Blessed God, we must be helped of your Spirit or we cannot worship you rightly. Behold the holy angels adore you and the hosts redeemed by blood bring everlasting hallelujahs to your feet. What are we, the creatures of a day, polluted with sin, that we should think that we can praise you? And yet the music of praise is not complete if your children did not join in it, even those of us who are still in this world below. Help us, then; enable us to tune our harps and to fetch forth music from our spirit.

Amen.

SPURGEON’S LETTERS

Spurgeon’s letters are really encouraging devotional readings. Today, we’ll read a Christmas letter that Spurgeon sent to the children living at his orphanage to wish them a Merry Christmas.

Dear boys and girls,

I send you all my love so far as the post can carry it with only a stamp. I wish you a real glorious Christmas. I might have said a jolly Christmas, if we had all been boys; but as some of us are girls, I will be proper, and say, “A merry Christmas!”

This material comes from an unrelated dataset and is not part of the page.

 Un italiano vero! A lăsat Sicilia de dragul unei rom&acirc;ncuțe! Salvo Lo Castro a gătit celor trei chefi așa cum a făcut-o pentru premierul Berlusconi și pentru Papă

Enjoy yourselves and feel grateful to the kind friends who find money to keep the Stockwell Orphanage supplied. Bless their loving hearts, they never let you want for anything; may they have pleasure in seeing you all grow up to be good men and women. Feel very grateful also to the Trustees. These gentlemen are always at work arranging for your good. Give them three times three. Then there are Mr. Charlesworth, Mr. Ladds, and all the masters and the matrons. Each one of them deserves your love and gratitude and obedience. They try to do you good; try to cheer them all you can. I should like you to have a fine day—such a day as we have here; but if not, you will be warm and bright indoors. Three cheers for those who give us the good things for this festival. I want you for a moment in the day to be all still and spend the time in thanking our Heavenly Father and the Lord Jesus for great goodness shown to you and to me, and then pray for me that I may get quite well. Mrs. Spurgeon and I both send our love to all the Stockwell family.

Yours very heartily,

Charles Spurgeon

WISDOM FROM SPURGEON: DID CHRIST CHANGE WHEN HE BECAME INCARNATE?

This section of the Weekend Edition will include Spurgeon’s answers to timely questions. Respond to this email with your questions.

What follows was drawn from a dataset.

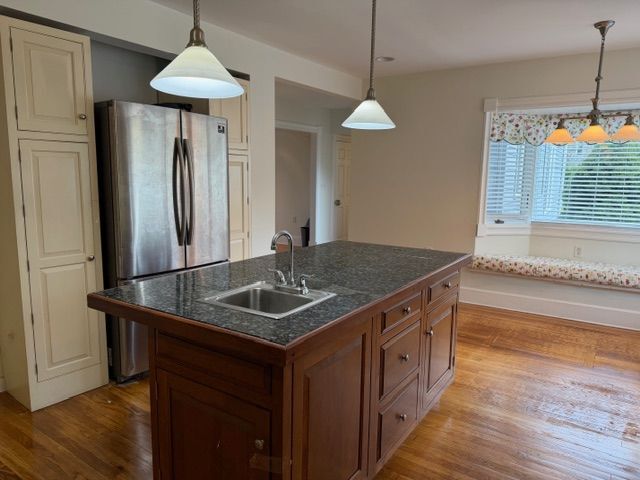 Building Photo - 3 Westomere Terrace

His essence did not undergo a change when it became united with the manhood. When Christ in past years did clothe himself with mortal clay, the essence of his divinity was not changed; flesh did not become God, nor did God become flesh by a real actual change of nature; the two were united in hypostatic union, but the Godhead was still the same. It was the same when he was a baby in the manger, as it was when he stretched the curtains of heaven; it was the same God that hung upon the cross, and whose blood flowed down in a purple river, the self-same God that holds the world upon his everlasting shoulders, and bears in his hands the keys of death and hell. He never has been changed in his essence, not even by his incarnation; he remains everlastingly, eternally, the one unchanging God, the Father of lights, with whom there is no variation or the shadow of a change.